TWO THREADS OF THE BOLT IN MESH. (2 TIM)
S.O.P in the mechanical world for bolts/nuts etc is 4-5 TIM. Look at a standard thickness nut (not a thin nut for soft materials)- about 5T. My ME PE wife says 5T on a nut isnt exactly a written standard, but just look at industry practice.
The first thread doesnt count, its the "lead in" thread and its very thin- to nothing. The first two threads are for STARTING THE BOLT, NOT HOLDING ANYTHING.
References:
* Bolts into soft materials (granted, this caliper body is probably harder cast iron, not aluminum) but requires 1-1/2 to 2 times the bolt nominal diameter in thread engagement,
* 2 TIM allotted for simply "starting" the bolt into the nut (track bolt section)
* nut should be more than 2T from the end of a bolt thread (where the thread stops at the plain shank)
Standard Handbook of Fastening and Joining, Second Ed. Parmley P.E.
THIS IS EXTRA DANGEROUS AS IT IS NOT OBVIOUS. An obvious failure is a flexible line blowing out due to age or a fitting rusting. Whose going to expect this problem with a new caliper? Me who doesnt trust Made in China....
Worse, its a risk of the threads breaking and bolt coming loose JUST SITTING IN THE GARAGE if the bolt was tightened and threads over-stressed.
Worse yet, over-stress these 2 threads when tightening the bolt, then in a panic, stomp on the brake pedal and put another several hundred pounds force on that bolt and BOOM!
A brake fluid pressure of 6 MPa = 870 psi. For a 1/2 inch diameter bolt, the force on that bolt from fluid pressure is about 170 pounds, not a great deal UNLESS the threads are badly over-stressed already.
Worse, "stomping on the brakes" is impact loading which tends to break things. Thats how HAMMERS work.
One of these bolts give away and there will be a LOSS OF FRONT BRAKES since both front calipers receive fluid pressure from the same brake reservoir in the master cylinder.
A lack of bolt clamping force with the copper seals being pushed loose from braking pressure would result in brake fluid leakage. The brake fluid force is opposing the "clamping" force of tightening that bolt.
Also, the copper sealing washers are too small outer diameter, they dont 'cover' all but about the first one or two sealing "rings"

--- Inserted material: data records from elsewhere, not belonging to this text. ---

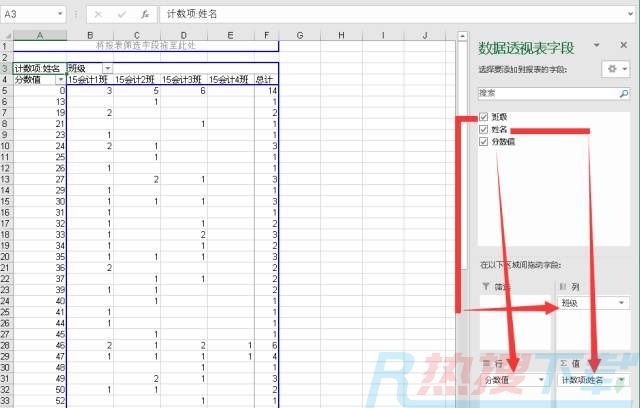 利用excel数据透视表对数据进行分段统计(图3)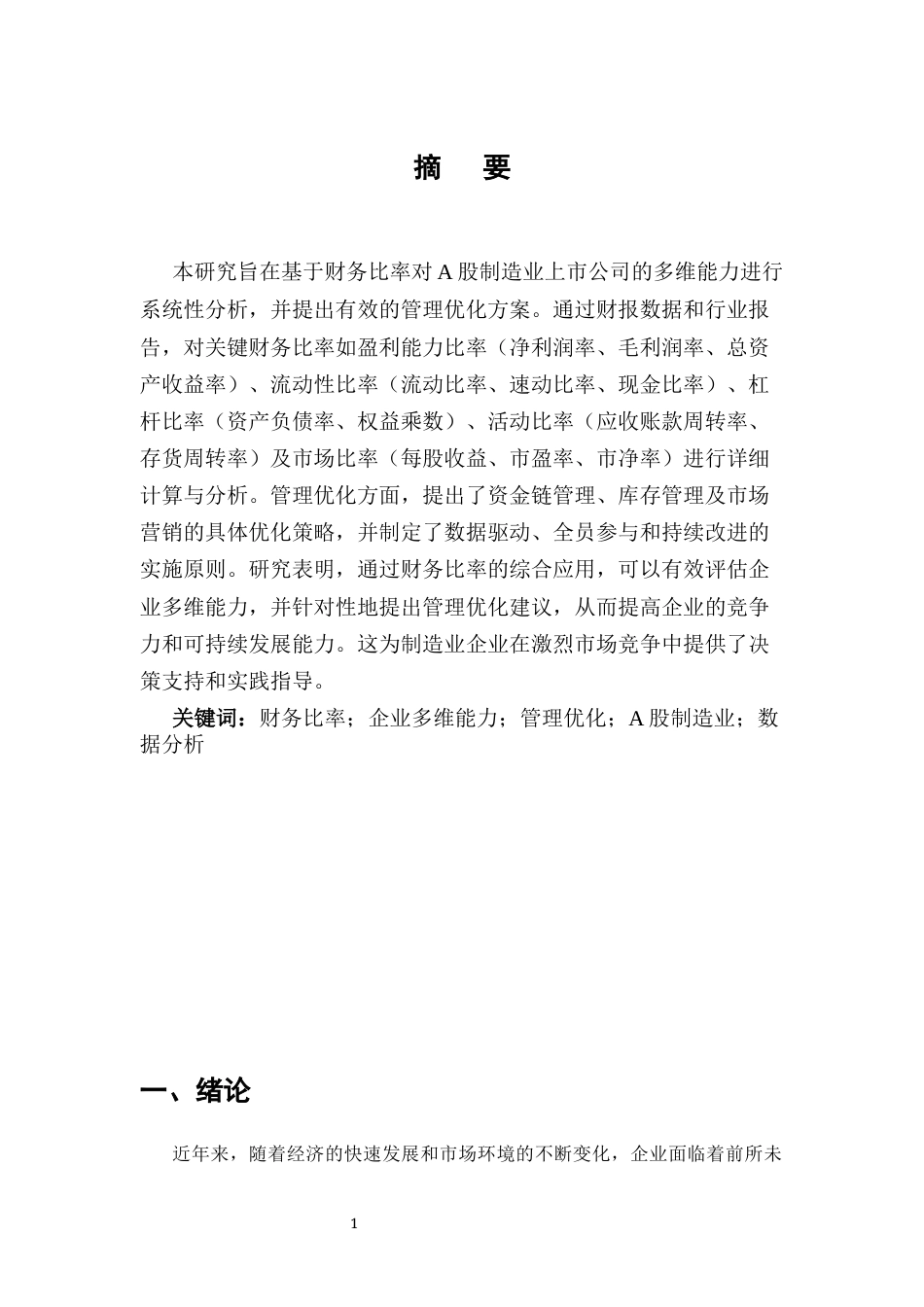 25年CH会计学-基于财务比率的企业多维能力分析及管理优化研究——以A股制造业上市公司为例-约11374字符.docx_第2页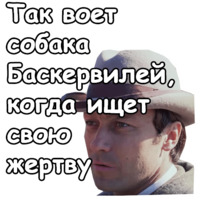 Собака Баскервилей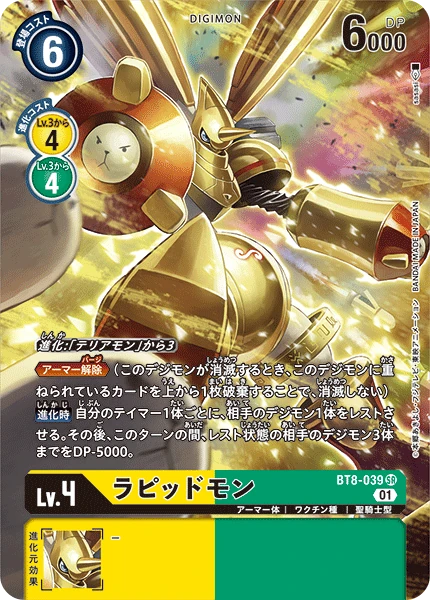 Rapidmon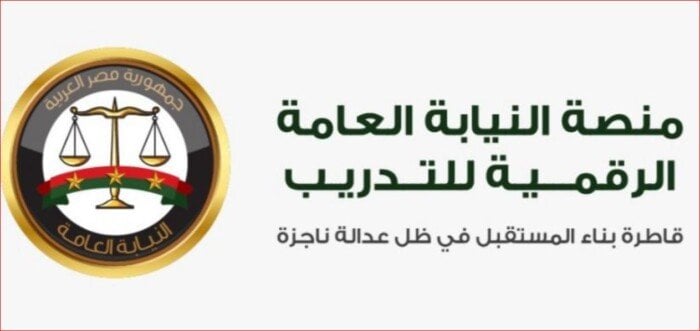 إطلاق منصة تدريب رقمية بالتعاون مع النيابة العامة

molded in the caliper housing. These are a deformable copper seal for the high brake fluid pressures, they deform when the bolt is tightened to "smash" down in between the rings to prevent fluid loss.
daveca, electronic/mechanical R&D engineer with 4 Patents and 40 plus years wrenching on old junk vehicles, and a M.E. P.E. wife in the nuke world.
PS There are FIVE (5) design mistakes in this caliper... try and spot them...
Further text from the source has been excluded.